Draft Aftermath: How Did the Eagles Fare?

The expert analysts have been busy handing out grades in the wake of the NFL draft – the Eagles got a B-plus from ESPN’s Mel Kiper Jr. – even though they have no idea how any of the college players selected in the draft will fare in the NFL. History is filled with high-round busts and low-round bonanzas and we won’t really know which is which for at least a couple of seasons.

If nothing else, we can stick a pin into the Eagles’ take-the-best-player-available balloon. General manager Howie Roseman has always made it a point of pride to say that he sticks to his big board regardless of positional need, and then the Eagles went out and took a player that most experts had rated much lower, but a player who mans a position where they need help.

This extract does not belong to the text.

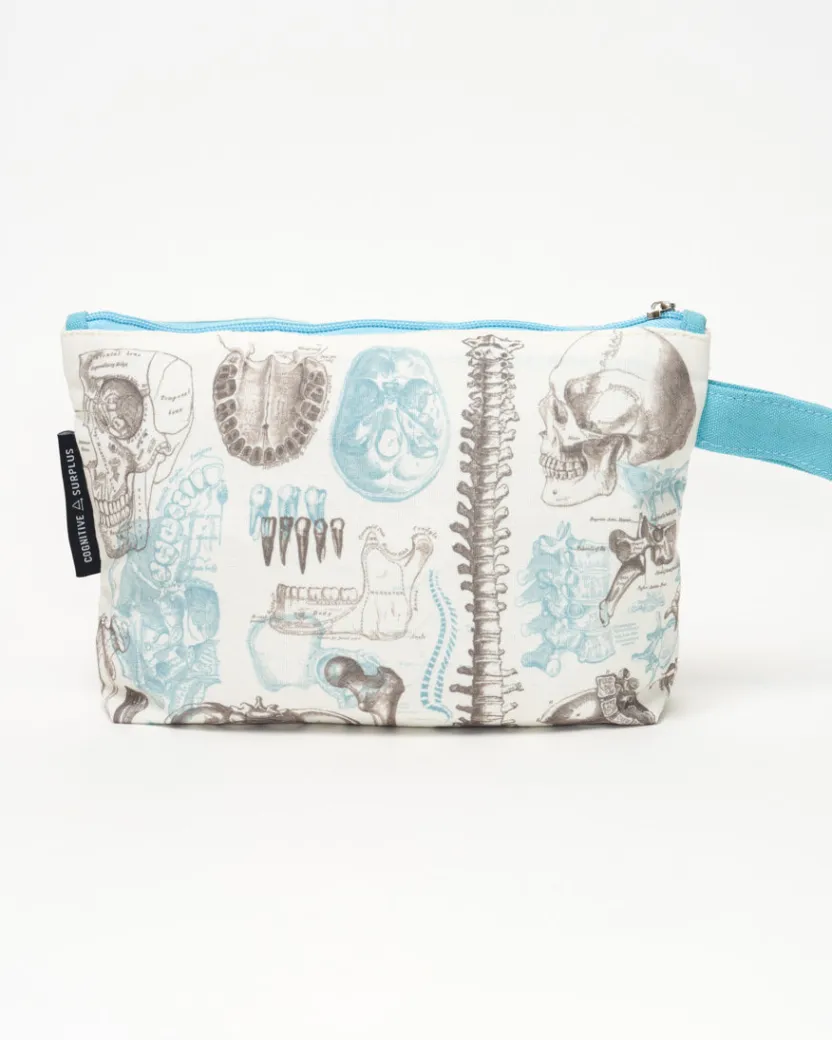 Cognitive Surplus Skeleton Pencil Bag* Pencil Bags | Medicine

Not that we’re ripping the selection, outside linebacker Marcus Smith, because, as stated previously, we have no idea how he’ll play in the NFL. He could be a perennial Pro Bowl player or he could be Brandon Graham. Talk to me in a year or two and we’ll figure it out then. Maybe Chip Kelly really is smarter than the rest of us.

Of course, if quarterback Johnny Manziel – who was selected by Cleveland with the 22nd overall pick the Browns acquired from the Eagles – ends up being a Hall-of-Famer and Nick Foles ends up a journeyman, then this will go down as one of the worst trades in Eagles history. Again, let’s talk in a couple of years.

But there is one draft-day trade the Eagles made that I don’t mind criticizing right now. I felt going into the draft that defensive tackle was a primary need because the Eagles got little or no pressure on the quarterback up the middle last season, and the Eagles did take a DT, Beau Allen of Wisconsin, in the seventh round. But it’s just a fact that seventh-round picks rarely make it big if they make it at all, and the Eagles had a chance to take one of the highest-rated defensive tackles on the board, Notre Dame’s Louis Nix, in the third round. Instead, they swapped that pick to Houston – which immediately grabbed Nix – for the Texans’ fourth- and fifth-round selections, which they used on cornerback Jaylen Watkins of Florida and defensive end Taylor Hart of Oregon, respectively.

If Watkins and Hart end up becoming long-time starters or even solid contributors, then the Eagles got two players for the price of one. But I’ve always been of the opinion that I would rather have one great player than two good players, and even though Nix probably won’t be a great player, he has a better chance of being a franchise-type foundation.

The Eagles are fortunate they don’t have to throw Marcus Smith right into the fire. It will take him time to learn to play the NFL game and the Eagles rotate their defensive players a lot, so he will get playing time without having to be a starter.

And that means the Eagles’ 2014 draft pick who will probably have the biggest impact as a rookie is their second-round selection, wide receiver Jordan Matthews of Vanderbilt, the leading receiver in the history of the Southeastern Conference.

The starting wide receivers will be Jeremy Maclin and Riley Cooper, but everything else is up for grabs. Other than Matthews, the other wide receivers on the Eagles roster include Damaris Johnson, Jeff Maehl, Arrelious Benn and Brad Smith. They were all low draft picks or rejects from other teams and Matthews will be given every opportunity to win the job as the No. 3 receiver. And for a team that passes as much as the Eagles do, the No. 3 receiver is an important job.

The Eagles also took a wide receiver in the next round, Jeff Huff or Oregon. Whereas Matthews is a big, physical receiver, Huff is a smaller, quicker player. How that translates to the NFL remains to be seen.

As for the rest of the draft picks, well, nobody knows. Some may find roles on the varsity, some will end up on the practice squad and some will be looking for work elsewhere. There are always some unknowns who sneak onto the roster and sometimes they even become stars, but for the most part they were drafted in the fifth, sixth and seventh rounds for a reason. The Eagles current unofficial depth chart has seven starters who were taken in those rounds or not drafted at all, but the bulk of the lineup is filled with blue-chippers – 14 of the 22 starters were selected in the first three rounds.

In the 2013 draft – the first with Kelly as coach – four of the top five picks ended up playing significant roles – tackle Lane Johnson, tight end Zach Ertz, defensive tackle Bennie Logan and safety Earl Wolff.

If the Eagles get the same kind of production and contribution from the first three or four players in this year’s draft, then it will be a success and it won’t matter what grade Mel Kiper gives them.